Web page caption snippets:
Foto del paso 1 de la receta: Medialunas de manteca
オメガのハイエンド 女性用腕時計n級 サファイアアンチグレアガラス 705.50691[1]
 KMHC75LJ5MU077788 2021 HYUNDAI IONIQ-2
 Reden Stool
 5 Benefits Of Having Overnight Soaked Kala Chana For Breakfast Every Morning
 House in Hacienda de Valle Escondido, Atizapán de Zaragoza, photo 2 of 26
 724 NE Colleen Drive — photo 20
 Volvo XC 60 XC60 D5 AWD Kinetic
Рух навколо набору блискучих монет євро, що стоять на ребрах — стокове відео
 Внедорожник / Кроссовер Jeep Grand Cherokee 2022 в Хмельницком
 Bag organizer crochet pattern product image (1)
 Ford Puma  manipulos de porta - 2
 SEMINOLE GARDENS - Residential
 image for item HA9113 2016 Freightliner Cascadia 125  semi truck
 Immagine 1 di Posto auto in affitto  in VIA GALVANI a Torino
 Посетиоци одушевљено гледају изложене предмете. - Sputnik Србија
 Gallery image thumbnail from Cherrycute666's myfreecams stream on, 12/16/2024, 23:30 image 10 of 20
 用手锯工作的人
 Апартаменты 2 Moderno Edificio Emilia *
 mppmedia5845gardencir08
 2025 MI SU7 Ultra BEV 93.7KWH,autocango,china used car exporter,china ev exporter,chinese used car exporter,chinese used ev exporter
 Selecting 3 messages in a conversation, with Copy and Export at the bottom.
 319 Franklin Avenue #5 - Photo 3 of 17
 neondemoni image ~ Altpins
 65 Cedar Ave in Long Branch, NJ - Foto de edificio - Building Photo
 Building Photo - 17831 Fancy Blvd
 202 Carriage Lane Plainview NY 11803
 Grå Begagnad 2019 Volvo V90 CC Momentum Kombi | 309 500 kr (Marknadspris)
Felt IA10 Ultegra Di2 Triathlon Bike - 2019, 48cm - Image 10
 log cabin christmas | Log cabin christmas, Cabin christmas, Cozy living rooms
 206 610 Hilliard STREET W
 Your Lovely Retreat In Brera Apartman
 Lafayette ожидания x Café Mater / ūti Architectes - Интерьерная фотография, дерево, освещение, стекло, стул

Try it:
Look through the records and copy every line that has the word "Building".

Your response:
 65 Cedar Ave in Long Branch, NJ - Foto de edificio - Building Photo
 Building Photo - 17831 Fancy Blvd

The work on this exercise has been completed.